**ACTIVITY:**
If an entry contains a picture, leave the picture out and reproduce everything else in the records below exactly.

**EXTRACTED MATERIAL:**
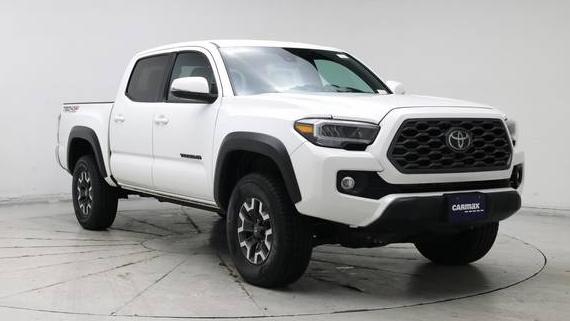 TOYOTA TACOMA 2023 3TMCZ5AN8PM539337 image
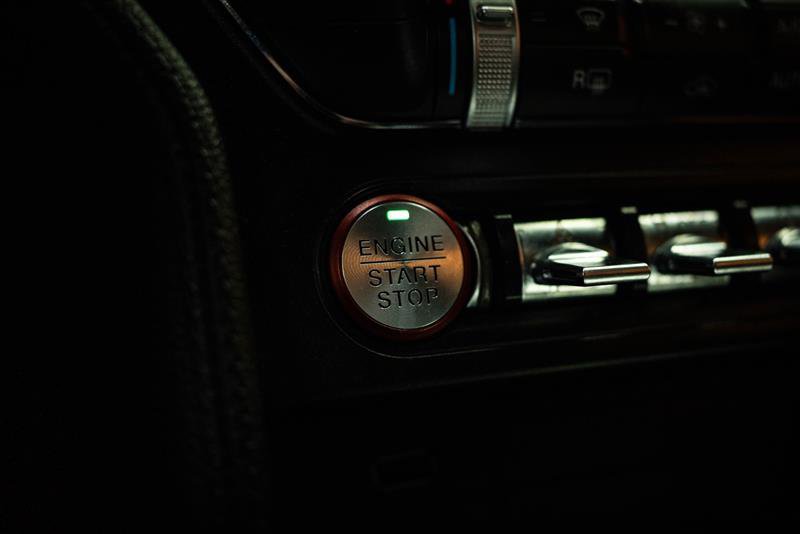 Used 2019 Ford Mustang GT w/ GT Performance Package RWD image 18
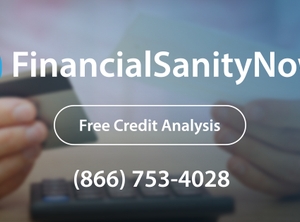 Photo of Financial Sanity Now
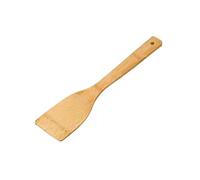 (1PCS)10/5/3/2/1PCS Bamboo Spatula Natural Bamboo Wood Kitchen Spatula Spoon Cooking Utensils Dinner Food Shovel Kitchen Accessories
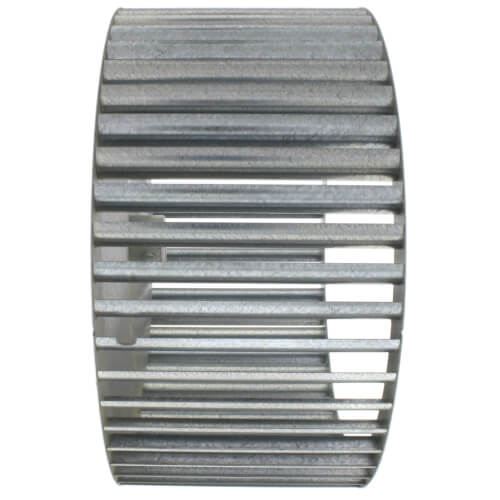 Main product image of Blower Wheel CW w/ 3/4" Bore, LA21RB012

**ANSWER FOR THE TASK:**
 TOYOTA TACOMA 2023 3TMCZ5AN8PM539337 image
 Used 2019 Ford Mustang GT w/ GT Performance Package RWD image 18
 Photo of Financial Sanity Now
 (1PCS)10/5/3/2/1PCS Bamboo Spatula Natural Bamboo Wood Kitchen Spatula Spoon Cooking Utensils Dinner Food Shovel Kitchen Accessories
 Main product image of Blower Wheel CW w/ 3/4" Bore, LA21RB012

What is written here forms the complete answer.